Please print, exactly, only the lines in the entries below from the line that has "Mexen Velar Duo" through the line that has "Handmade ceramic soap". Pictures don't go in.

**SUPPLIED MATERIAL:**
━━━━━━━━

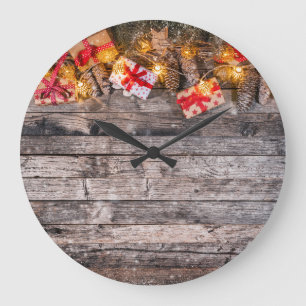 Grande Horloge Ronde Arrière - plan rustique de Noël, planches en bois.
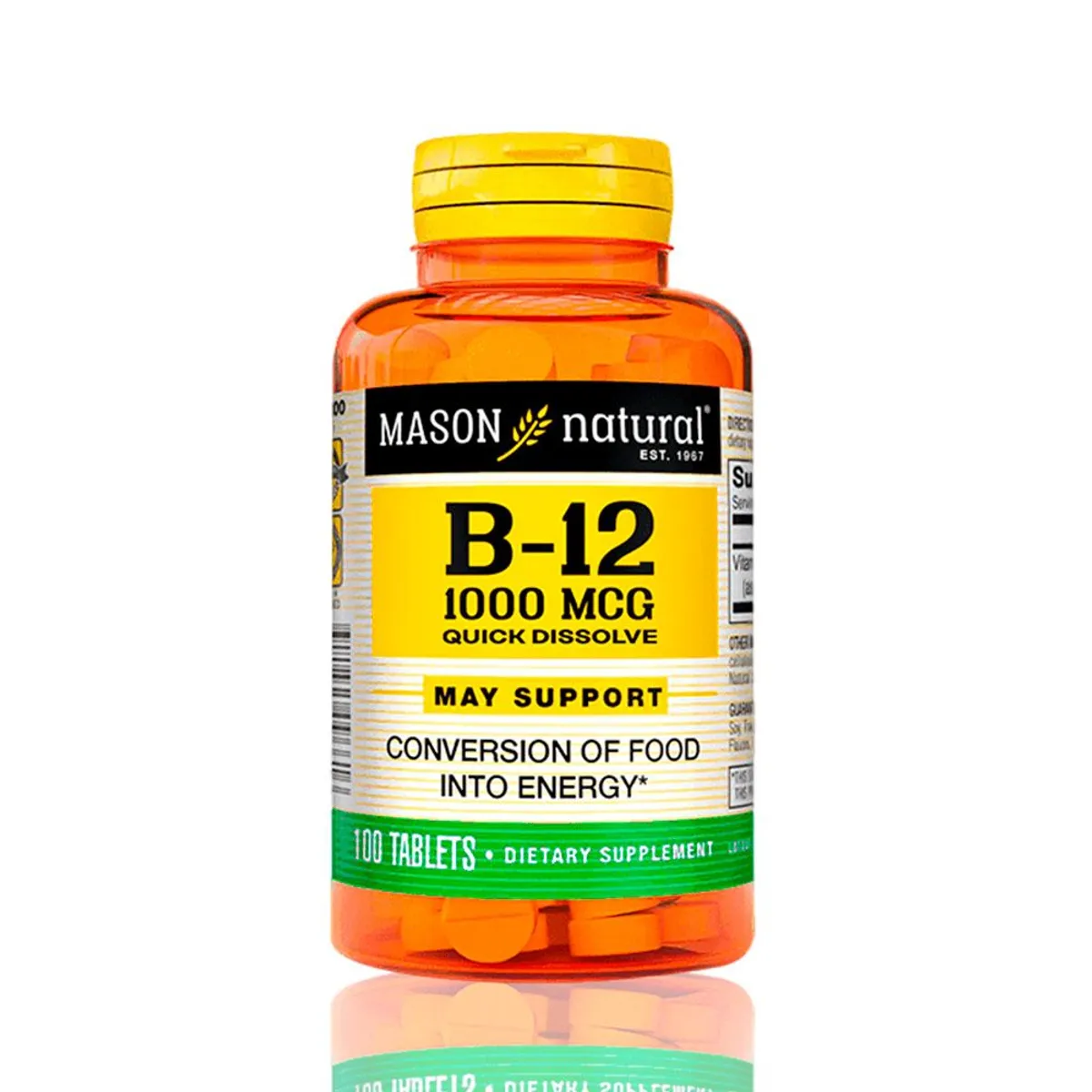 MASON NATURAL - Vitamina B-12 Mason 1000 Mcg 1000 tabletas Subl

━━━━━━━━

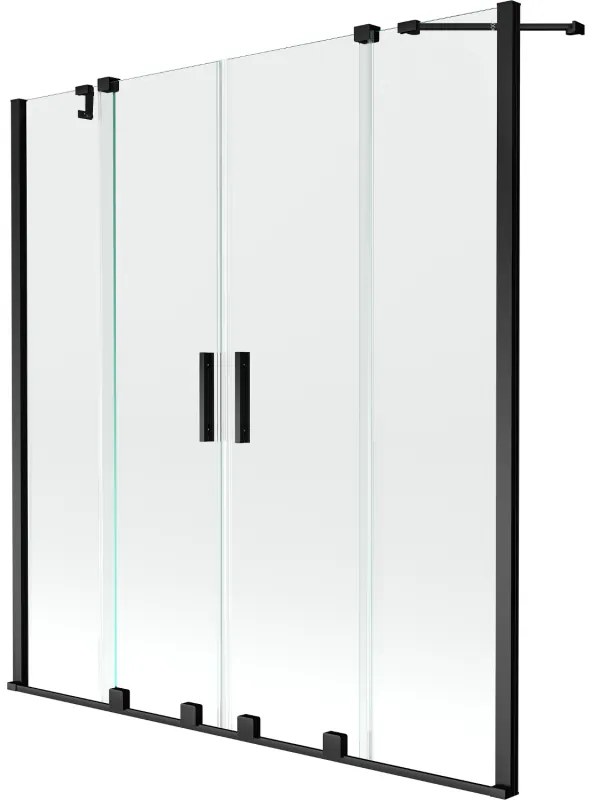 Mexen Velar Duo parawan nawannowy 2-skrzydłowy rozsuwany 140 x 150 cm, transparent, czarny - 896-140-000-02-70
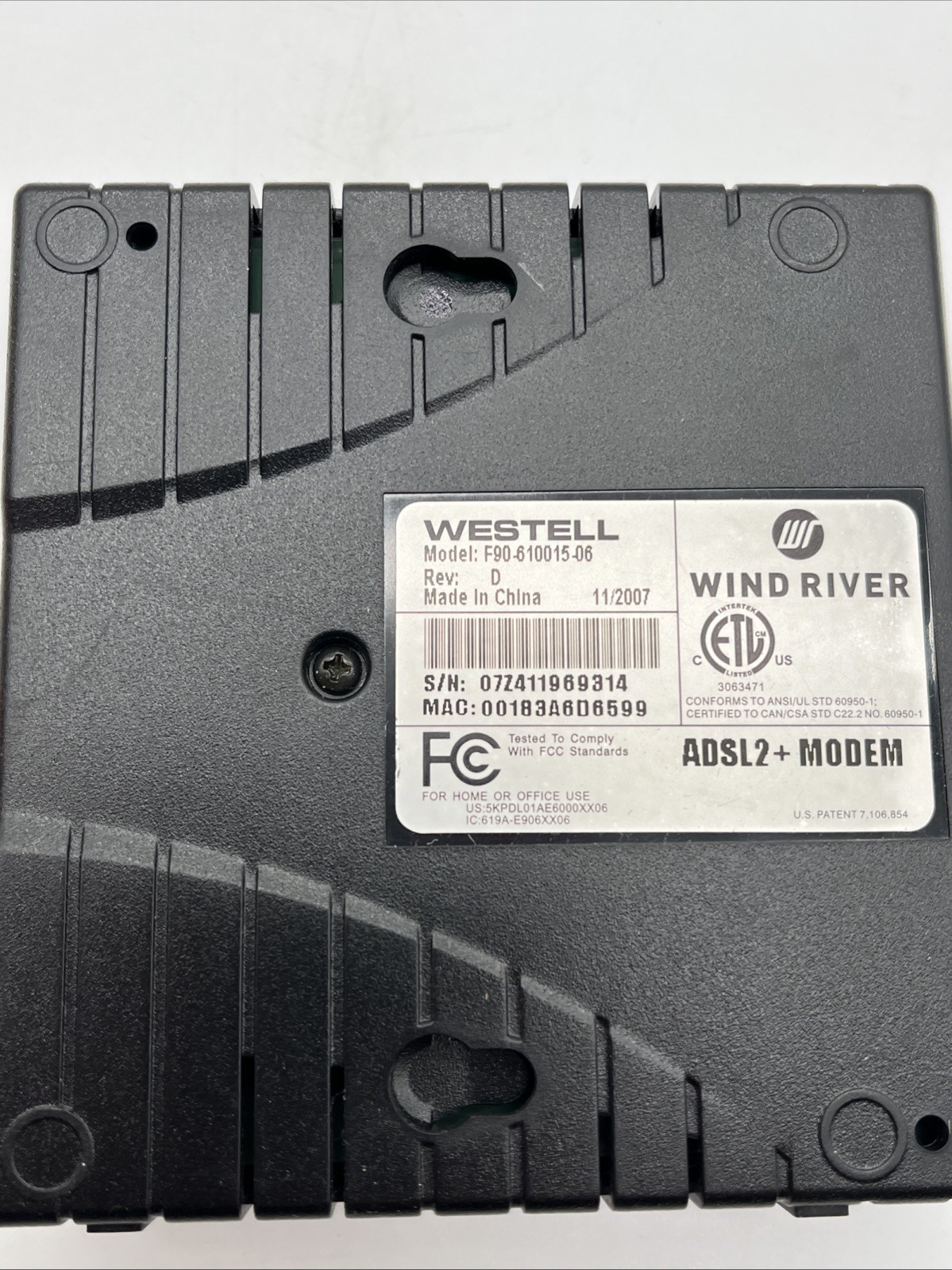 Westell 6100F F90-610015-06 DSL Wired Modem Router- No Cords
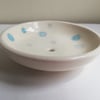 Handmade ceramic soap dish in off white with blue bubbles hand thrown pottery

━━━━━━━━

**OUTPUT OF THE EXERCISE:**
 Mexen Velar Duo parawan nawannowy 2-skrzydłowy rozsuwany 140 x 150 cm, transparent, czarny - 896-140-000-02-70
 Westell 6100F F90-610015-06 DSL Wired Modem Router- No Cords
 Handmade ceramic soap dish in off white with blue bubbles hand thrown pottery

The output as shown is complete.